WHN property expert David Buskey, based at our Haslingden office, explains the difference between public and private roads and what to be aware of if your property ownership includes access by and the maintenance of a private road.

What is the difference between a public and private road?

A public road is a road where responsibility for its repair, maintenance and upkeep, in the vast number of cases, does not rest with the landowner. Normally, it will be the responsibility of the local highways authority, usually through the local council or county council, to deal with repairs and maintenance.

As the name suggests, if a road is public, there is an automatic right of way over it for the benefit of the general public.

If a road is not public, by definition it is private. Responsibility for repairs of the road fall upon the landowner. Equally, there will only be rights of way over a private road if the landowner’s title deeds state this.

How to find out if a road is public or private

Issues regarding private roads can arise in a number of different situations. You may be thinking of purchasing a piece of land with the intention of developing it and building properties on it, whether residential or commercial. From a very early stage, it is crucial that the title deeds are inspected so that the position regarding access and roads can be understood.

A specific highways search should also be carried out. This produces very detailed information and can highlight the smallest gap between a property’s boundary and where a public road starts.

Legally, even if there is a gap of only a few centimetres in width, there would be a problem with access unless the deeds granted an appropriate right of way.

These small gaps between the boundary of a piece of land and the boundary of where public road starts are called ‘ransom strips’, because the owner of the ransom strip can demand large amounts of money to either sell the strip or grant rights of way over it.

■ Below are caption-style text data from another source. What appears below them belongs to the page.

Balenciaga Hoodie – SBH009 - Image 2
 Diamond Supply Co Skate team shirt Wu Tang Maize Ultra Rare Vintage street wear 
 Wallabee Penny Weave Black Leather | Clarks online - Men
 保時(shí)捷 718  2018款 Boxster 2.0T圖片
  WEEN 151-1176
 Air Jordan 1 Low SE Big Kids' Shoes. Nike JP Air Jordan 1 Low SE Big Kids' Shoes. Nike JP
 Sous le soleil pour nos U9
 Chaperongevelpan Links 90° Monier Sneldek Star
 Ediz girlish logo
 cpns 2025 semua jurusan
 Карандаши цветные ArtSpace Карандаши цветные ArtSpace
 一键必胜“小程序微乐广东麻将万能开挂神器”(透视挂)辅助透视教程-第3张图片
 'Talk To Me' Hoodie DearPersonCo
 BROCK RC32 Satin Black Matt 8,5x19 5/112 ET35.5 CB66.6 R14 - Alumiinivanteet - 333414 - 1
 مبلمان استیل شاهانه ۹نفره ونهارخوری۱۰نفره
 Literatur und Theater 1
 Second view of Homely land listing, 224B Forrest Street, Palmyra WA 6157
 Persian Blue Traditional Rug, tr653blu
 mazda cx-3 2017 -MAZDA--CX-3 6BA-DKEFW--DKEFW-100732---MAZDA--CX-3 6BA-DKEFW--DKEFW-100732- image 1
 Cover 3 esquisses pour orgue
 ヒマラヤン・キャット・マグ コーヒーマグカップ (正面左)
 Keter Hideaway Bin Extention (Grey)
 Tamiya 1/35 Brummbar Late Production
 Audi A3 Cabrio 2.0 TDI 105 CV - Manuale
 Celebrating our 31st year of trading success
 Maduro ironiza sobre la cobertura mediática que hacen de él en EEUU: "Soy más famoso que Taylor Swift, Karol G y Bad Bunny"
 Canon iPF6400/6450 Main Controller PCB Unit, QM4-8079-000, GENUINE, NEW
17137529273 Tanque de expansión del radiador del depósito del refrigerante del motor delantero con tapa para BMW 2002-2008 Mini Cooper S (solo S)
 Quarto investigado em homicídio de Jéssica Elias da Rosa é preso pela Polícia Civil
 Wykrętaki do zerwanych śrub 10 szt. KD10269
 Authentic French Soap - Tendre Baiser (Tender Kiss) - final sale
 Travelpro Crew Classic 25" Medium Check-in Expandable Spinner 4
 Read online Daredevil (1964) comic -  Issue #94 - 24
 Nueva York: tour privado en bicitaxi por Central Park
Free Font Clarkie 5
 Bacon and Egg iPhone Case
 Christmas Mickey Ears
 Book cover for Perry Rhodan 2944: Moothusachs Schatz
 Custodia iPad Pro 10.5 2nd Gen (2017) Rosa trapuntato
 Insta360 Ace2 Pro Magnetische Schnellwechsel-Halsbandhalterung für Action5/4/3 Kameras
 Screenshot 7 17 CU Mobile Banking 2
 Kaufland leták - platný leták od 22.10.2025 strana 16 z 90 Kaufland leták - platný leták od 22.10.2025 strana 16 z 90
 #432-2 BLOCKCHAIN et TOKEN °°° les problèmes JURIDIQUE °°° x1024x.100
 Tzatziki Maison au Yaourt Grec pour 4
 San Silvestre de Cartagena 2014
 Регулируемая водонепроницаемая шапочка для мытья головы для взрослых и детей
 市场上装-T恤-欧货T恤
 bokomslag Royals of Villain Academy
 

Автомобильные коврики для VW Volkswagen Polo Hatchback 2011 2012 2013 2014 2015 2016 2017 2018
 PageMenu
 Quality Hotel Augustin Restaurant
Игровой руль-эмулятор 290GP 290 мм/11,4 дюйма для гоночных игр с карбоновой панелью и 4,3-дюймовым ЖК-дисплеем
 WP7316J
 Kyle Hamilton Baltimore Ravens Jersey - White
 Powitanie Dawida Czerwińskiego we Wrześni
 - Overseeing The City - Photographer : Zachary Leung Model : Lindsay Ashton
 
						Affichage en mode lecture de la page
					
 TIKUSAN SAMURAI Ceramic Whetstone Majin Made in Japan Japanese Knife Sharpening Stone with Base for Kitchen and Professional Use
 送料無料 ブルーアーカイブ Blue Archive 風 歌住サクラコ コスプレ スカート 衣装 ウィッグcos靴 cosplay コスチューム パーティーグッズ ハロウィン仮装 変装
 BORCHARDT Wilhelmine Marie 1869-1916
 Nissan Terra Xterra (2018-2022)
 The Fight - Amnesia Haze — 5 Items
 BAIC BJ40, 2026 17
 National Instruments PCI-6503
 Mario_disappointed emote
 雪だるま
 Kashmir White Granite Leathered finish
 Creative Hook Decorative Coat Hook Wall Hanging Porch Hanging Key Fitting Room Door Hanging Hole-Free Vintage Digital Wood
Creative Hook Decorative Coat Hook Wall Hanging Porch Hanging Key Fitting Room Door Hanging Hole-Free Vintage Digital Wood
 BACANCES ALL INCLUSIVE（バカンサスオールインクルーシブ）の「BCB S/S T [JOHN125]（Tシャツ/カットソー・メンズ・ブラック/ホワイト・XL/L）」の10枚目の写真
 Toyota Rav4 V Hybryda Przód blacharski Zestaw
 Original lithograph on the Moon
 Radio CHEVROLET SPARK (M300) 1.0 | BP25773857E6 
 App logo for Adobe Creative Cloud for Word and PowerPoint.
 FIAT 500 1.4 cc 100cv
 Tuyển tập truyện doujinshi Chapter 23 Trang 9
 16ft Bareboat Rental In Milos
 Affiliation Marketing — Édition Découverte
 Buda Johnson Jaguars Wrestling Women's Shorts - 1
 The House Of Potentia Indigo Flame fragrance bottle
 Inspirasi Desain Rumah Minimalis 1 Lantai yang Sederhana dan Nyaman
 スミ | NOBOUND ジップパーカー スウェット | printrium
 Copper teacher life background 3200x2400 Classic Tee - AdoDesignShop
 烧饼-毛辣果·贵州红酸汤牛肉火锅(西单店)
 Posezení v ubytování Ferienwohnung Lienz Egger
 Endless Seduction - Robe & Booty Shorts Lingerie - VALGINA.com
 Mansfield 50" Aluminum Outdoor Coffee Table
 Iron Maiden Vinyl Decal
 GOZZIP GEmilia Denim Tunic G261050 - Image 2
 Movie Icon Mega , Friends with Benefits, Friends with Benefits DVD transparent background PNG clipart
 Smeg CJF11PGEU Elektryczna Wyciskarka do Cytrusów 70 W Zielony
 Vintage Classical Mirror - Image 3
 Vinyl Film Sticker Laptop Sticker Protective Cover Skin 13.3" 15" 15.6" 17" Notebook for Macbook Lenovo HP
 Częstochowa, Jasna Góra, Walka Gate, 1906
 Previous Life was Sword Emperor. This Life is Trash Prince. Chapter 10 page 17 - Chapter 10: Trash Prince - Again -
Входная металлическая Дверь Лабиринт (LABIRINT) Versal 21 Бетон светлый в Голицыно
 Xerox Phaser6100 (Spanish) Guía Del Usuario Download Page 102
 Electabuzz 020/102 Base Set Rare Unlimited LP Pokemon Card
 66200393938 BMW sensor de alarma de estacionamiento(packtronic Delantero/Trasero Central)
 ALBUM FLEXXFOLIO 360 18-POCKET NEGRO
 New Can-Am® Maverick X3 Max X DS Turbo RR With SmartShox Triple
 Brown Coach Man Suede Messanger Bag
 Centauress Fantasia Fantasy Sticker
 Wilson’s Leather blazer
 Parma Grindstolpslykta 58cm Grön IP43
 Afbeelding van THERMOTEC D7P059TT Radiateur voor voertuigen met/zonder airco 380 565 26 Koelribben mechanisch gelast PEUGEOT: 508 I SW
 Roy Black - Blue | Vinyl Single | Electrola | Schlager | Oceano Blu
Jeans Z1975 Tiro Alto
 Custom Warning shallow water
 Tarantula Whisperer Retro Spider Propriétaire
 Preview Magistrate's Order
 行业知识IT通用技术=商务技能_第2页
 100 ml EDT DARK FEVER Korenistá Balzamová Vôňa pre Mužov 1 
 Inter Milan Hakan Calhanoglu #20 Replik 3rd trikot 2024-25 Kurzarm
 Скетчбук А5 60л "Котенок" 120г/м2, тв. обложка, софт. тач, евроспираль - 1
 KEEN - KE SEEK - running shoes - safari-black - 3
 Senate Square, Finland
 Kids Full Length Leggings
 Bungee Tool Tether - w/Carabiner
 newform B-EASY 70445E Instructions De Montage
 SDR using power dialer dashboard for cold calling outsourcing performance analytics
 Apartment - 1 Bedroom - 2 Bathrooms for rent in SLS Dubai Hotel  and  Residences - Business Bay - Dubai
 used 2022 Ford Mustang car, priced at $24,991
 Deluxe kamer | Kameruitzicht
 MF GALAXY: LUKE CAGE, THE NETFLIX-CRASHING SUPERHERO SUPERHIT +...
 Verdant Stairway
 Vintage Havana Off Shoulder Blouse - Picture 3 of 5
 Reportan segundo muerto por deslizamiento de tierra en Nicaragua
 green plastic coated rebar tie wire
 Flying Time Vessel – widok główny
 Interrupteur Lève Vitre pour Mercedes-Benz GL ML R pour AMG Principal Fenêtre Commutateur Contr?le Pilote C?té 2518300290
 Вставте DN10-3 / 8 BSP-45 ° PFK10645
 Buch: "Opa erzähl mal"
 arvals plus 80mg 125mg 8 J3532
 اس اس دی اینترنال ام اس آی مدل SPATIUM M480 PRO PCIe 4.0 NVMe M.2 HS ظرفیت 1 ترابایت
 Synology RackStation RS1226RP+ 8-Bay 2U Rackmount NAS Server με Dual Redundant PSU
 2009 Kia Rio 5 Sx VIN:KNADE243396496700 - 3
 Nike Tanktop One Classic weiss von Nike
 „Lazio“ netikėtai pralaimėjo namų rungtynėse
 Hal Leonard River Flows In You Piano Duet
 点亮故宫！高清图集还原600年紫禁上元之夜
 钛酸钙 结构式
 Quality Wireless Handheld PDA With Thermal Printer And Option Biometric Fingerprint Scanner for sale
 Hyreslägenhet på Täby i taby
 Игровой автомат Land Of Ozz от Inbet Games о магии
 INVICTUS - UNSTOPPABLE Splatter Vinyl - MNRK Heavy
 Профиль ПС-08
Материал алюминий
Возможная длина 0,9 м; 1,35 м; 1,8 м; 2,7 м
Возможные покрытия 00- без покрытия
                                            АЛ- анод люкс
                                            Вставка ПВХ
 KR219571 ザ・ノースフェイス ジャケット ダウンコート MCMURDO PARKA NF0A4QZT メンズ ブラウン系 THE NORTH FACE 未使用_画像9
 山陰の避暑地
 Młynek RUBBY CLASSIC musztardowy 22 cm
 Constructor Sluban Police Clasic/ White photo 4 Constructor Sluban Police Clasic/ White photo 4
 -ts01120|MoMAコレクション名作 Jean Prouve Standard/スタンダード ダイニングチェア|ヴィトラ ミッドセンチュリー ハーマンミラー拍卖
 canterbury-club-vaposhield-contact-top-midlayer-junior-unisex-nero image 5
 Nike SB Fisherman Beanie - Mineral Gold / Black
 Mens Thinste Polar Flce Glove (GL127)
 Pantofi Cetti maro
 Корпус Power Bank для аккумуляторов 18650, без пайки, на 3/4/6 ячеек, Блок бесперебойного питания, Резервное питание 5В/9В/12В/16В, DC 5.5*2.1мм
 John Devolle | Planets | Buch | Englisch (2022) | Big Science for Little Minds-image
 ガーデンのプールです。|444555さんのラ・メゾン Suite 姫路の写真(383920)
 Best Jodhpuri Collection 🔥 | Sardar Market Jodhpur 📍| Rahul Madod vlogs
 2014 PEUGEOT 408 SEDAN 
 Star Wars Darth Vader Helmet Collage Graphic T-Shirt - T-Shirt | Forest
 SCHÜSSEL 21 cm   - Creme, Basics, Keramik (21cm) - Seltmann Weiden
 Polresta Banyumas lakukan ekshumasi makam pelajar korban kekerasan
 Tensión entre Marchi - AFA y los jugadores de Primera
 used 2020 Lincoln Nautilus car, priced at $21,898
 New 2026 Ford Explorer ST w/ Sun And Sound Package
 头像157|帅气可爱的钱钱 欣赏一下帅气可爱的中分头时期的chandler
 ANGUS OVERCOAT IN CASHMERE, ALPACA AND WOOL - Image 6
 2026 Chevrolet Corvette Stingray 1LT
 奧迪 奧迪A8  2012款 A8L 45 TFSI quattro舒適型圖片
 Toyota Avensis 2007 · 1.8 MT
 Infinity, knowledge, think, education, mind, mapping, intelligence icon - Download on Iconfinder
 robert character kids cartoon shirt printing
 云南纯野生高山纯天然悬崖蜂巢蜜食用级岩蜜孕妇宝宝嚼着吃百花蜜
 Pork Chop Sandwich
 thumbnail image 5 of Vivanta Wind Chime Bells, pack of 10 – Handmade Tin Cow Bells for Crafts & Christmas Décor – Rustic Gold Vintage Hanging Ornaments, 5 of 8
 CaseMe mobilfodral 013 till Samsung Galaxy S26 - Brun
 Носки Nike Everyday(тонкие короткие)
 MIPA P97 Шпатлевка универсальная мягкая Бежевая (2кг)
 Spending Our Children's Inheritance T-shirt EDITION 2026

As well as a detailed investigation of the deeds and carrying out the relevant and detailed searches, it is often the case that indemnity insurance should be obtained to cover the risk of a third party claiming there wasn’t a sufficient and valid right of way to access a piece of land.

While this can be expensive to obtain, it is often cheaper compared to the cost of getting into a full-blown legal dispute with a third party over access, where costs may escalate into thousands of pounds to resolve.

New build homes and new housing estates

A private road is also relevant on a housing estate. While most roads on the larger estates built by national property developers will ultimately become public roads, if you are buying a new house in a new estate, the roads may not yet be public. It is therefore important that the title deeds to the new property grant rights of way.

It is also ideal when purchasing a new house, that there is evidence that the house builder has entered into an agreement with the local highways authority to get the road adopted to public at some future point at its own expense.

Often the developer must put up a type of bond to guarantee it will carry out its obligations and complete roads to a good standard.

The important point here is that costs of finishing and thereafter maintain the roads do not fall upon the owners of individual houses.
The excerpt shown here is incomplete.